W najciekawiej zapowiadającym się meczu 3. kolejki TAURON Hokej Ligi Re-Plast Unia Oświęcim przegrała na własnym lodzie z GKS-em Katowice 2:5. O losach spotkania przesądziła druga odsłona, w której mistrzowie Polski wyprowadzali zabójcze kontrataki.
W starciu medalistów poprzedniego sezonu lepiej zaprezentowali się podopieczni Jacka Płachty. Grali dokładniej, szybciej i dojrzalej. Potrafili też po mistrzowsku finalizować swoje kontry i to na ich konto - jak najbardziej zasłużenie - wpłynęły trzy punkty.
Wyrównany początek
W pierwszej odsłonie byliśmy świadkami wyrównanej walki. Oba zespoły kreowały sobie sytuacje, ale zdołały zdobyć tylko po jednym golu.
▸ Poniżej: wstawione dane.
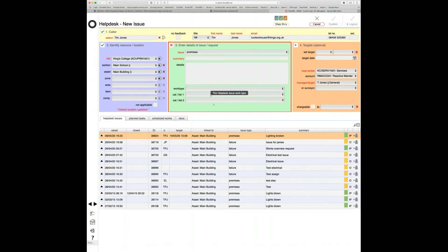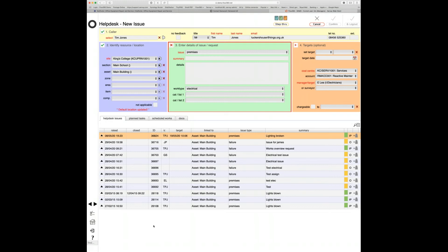The work type drop-down is a general option — I can select joinery work, for instance. One thing you can do when setting up teams is assign work types to a team, and by doing that you enable automatic targeting of issues. By saying it's joinery, it automatically targets the joinery team; if it's electrical it goes to the electricians. What we've now extended into is being able to use categorization lists as a way of categorizing and targeting issues — an alternative to the existing work type and cat list options.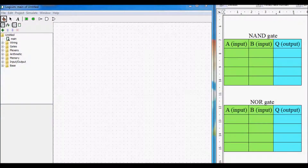Hello everyone and welcome back. In my previous video we were talking about the NOT gate, the AND gate, and the OR gate, but in this video we will discuss the NAND gate and the NOR gate.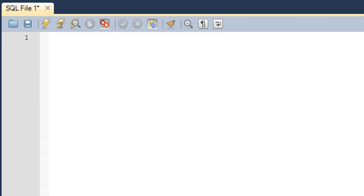Hello guys, welcome to my channel. This is the 41st tutorial in this course, and in this tutorial we are going to talk about three more string functions: the first one is the substring or SUBSTR function, and then we're going to talk about the right and left functions, which are just simple variations of the substring function. The substring function, as the name suggests, is used to get a part of the string — so if you've got a long string and just want to display a part of it on the screen to the user, you could use the substring function.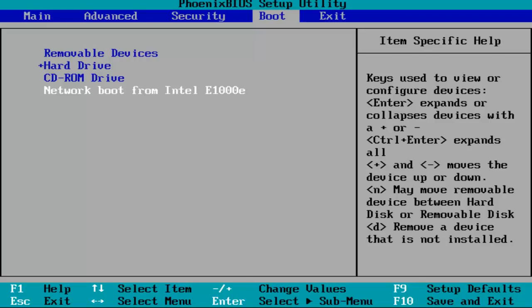You want to do that for the Intel Virtual Technology entry. Then you'll have the option using the arrow keys to select disabled, and then you want to hit enter to save that change.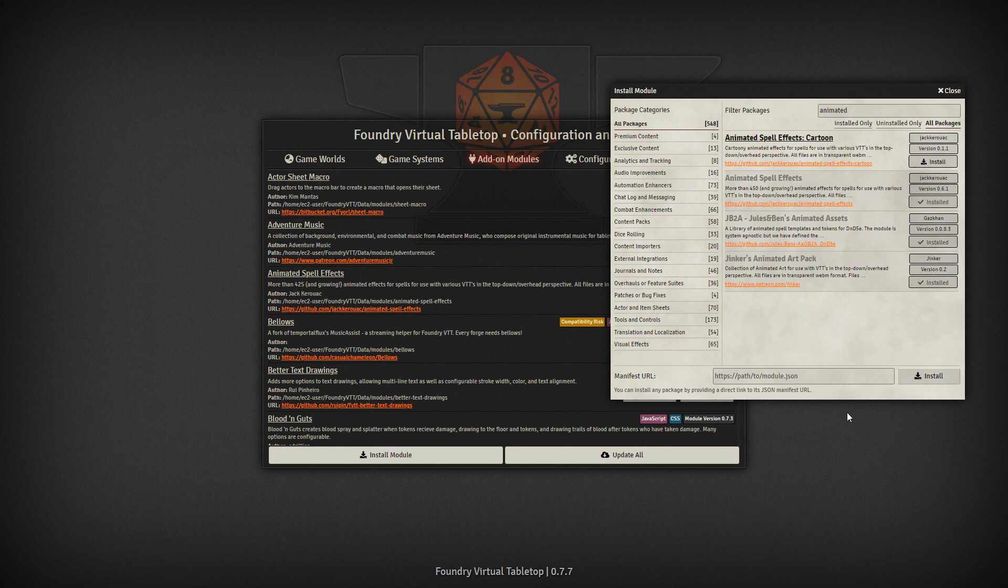Hello everyone, in today's video we're going to be talking about animated spells, where to find them, and how to use them.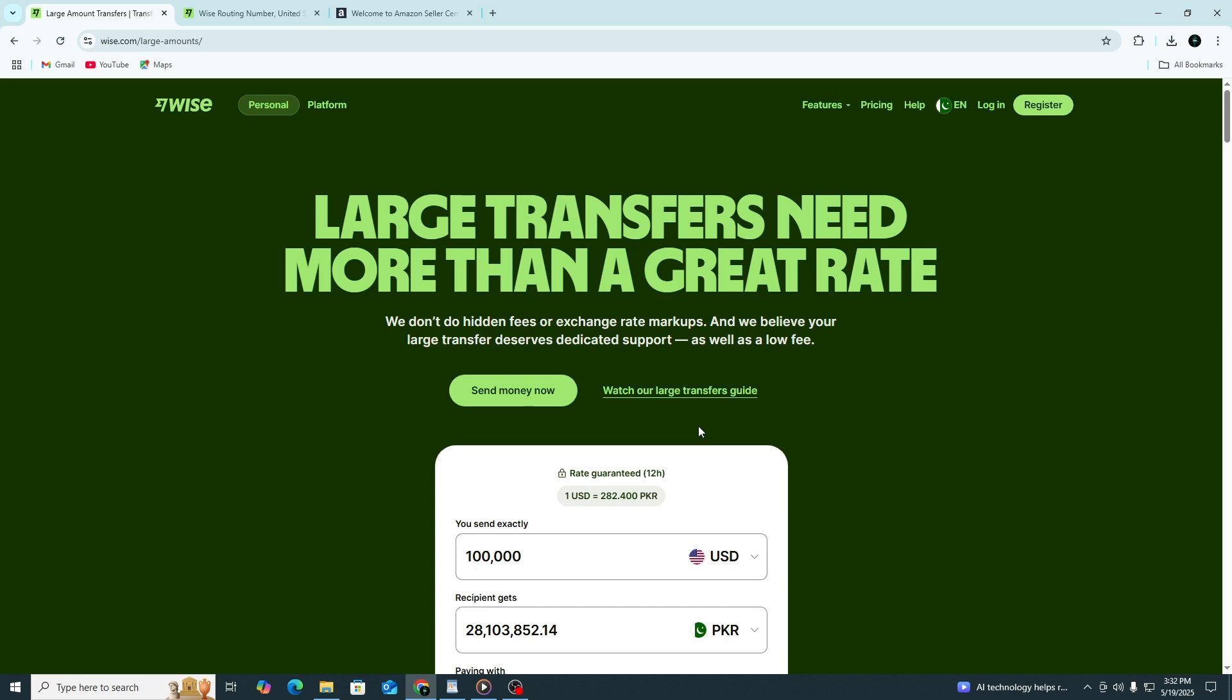If you ever need to update your bank details, you can follow the same steps to remove or replace the account. This method works not only for the US dollar, but also for other currencies Wise supports like Euros, British Pounds or Australian Dollars. Just open the right balance in Wise, get the local account details and enter them into Amazon the same way.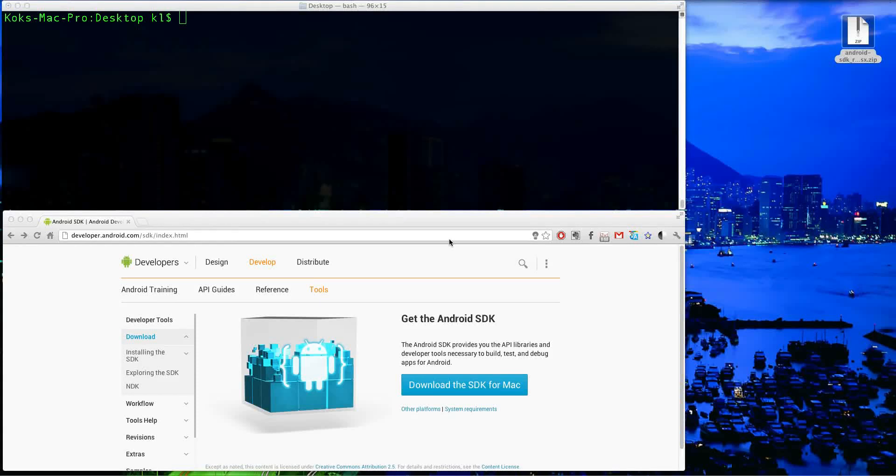Hey, what's up guys? This is MacGeek Alex here and what I'm going to show you in this video is how you can download and install the Android SDK.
W 9. minucie wynik spotkania - po znakomicie rozegranej kontrze - otworzyli goście. Ben Sokay zagrał gumę wzdłuż bramki do Hampusa Olssona, a ten pewnym strzałem pod poprzeczkę zaskoczył Linusa Lundina.
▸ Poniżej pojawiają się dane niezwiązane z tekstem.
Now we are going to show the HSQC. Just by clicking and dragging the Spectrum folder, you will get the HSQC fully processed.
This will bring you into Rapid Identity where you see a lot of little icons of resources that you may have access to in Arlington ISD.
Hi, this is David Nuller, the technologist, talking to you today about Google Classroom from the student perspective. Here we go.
Ale radość katowiczan nie trwała zbyt długo. W 12. minucie krążek na linii niebieskiej stracił Ryan Cook, a Sebastian Kowalówka wyprowadził kontrę. Najbardziej doświadczony zawodnik Unii popędził do katowickiej tercji i został nieprzepisowo powstrzymany przez Jakuba Wanackiego. Sędziowie nie mieli wątpliwości i podyktowali rzut karny. Do ustawionej na środku tafli gumy podjechał Daniel Olsson Trkulja i precyzyjnym uderzeniem tuż obok słupka pokonał Johna Murraya.
Biało-niebiescy próbowali pójść za ciosem, ale zabrakło im zimnej krwi. W 16. minucie w ogromnym zamieszaniu podbramkowym prowadzenie mógł im dać Krystian Dziubiński, ale John Murray w porę złączył parkany. Z kolei na początku drugiej odsłony „Jasiek Murarz” miał trochę szczęścia, bo krążek uderzony przez Henry’ego Karjalainena zatrzymał się na słupku.
Szybko, sprytnie i skutecznie
Później inicjatywę przejęli mistrzowie Polski, którzy wrzucili wyższy bieg i zaczęli dominować na tafli. Bezlitośnie wykorzystywali błędy oświęcimian, których było naprawdę wiele.
Najpierw zawodnicy Unii zostawili zbyt dużo wolnego miejsca przed bramką Mateuszowi Bepierszczowi, który z najbliższej odległości poprawił niesygnalizowany strzał Noaha Delmasa.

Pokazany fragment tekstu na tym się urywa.